* **Your task**
Starting at the line containing "A smiling looking" and ending at the line containing "Vector illustration of", transcribe the listing below exactly. Keep both end lines, skip the pictures, and copy nothing else.

* **Information**
----
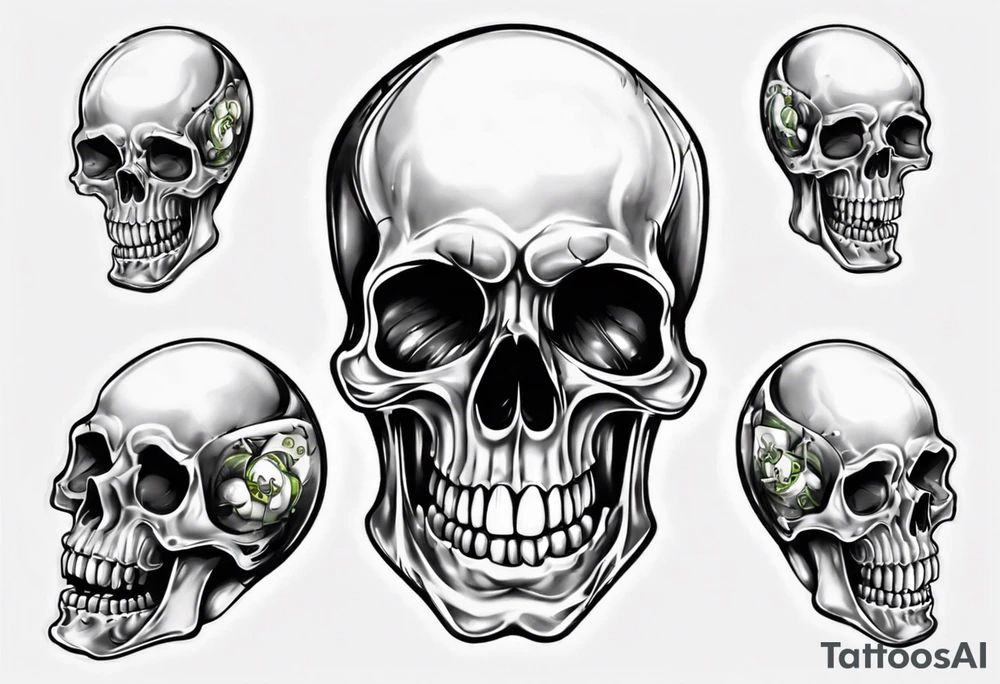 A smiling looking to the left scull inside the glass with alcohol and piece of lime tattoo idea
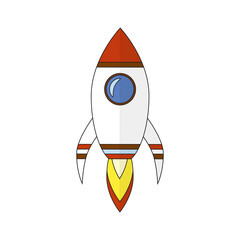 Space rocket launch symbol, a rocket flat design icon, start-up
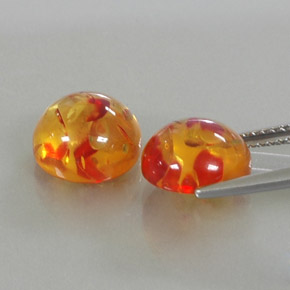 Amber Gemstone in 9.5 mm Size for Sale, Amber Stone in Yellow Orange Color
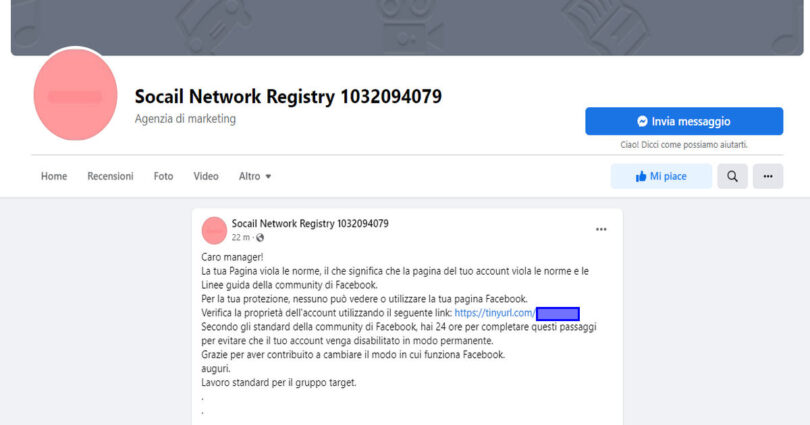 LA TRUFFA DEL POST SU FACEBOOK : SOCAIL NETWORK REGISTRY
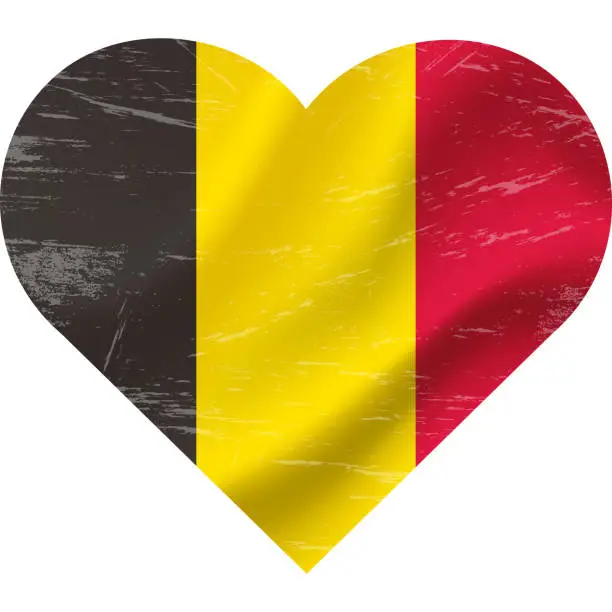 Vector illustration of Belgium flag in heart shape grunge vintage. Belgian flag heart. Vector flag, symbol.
----
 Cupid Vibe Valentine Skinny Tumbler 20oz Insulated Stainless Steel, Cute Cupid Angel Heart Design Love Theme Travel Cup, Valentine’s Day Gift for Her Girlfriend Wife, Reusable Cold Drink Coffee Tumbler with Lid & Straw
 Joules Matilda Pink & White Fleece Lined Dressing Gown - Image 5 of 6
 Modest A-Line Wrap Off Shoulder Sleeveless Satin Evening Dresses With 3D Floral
----
* **Exercise response**
 A smiling looking to the left scull inside the glass with alcohol and piece of lime tattoo idea
 Space rocket launch symbol, a rocket flat design icon, start-up
 Amber Gemstone in 9.5 mm Size for Sale, Amber Stone in Yellow Orange Color
 LA TRUFFA DEL POST SU FACEBOOK : SOCAIL NETWORK REGISTRY
 Vector illustration of Belgium flag in heart shape grunge vintage. Belgian flag heart. Vector flag, symbol.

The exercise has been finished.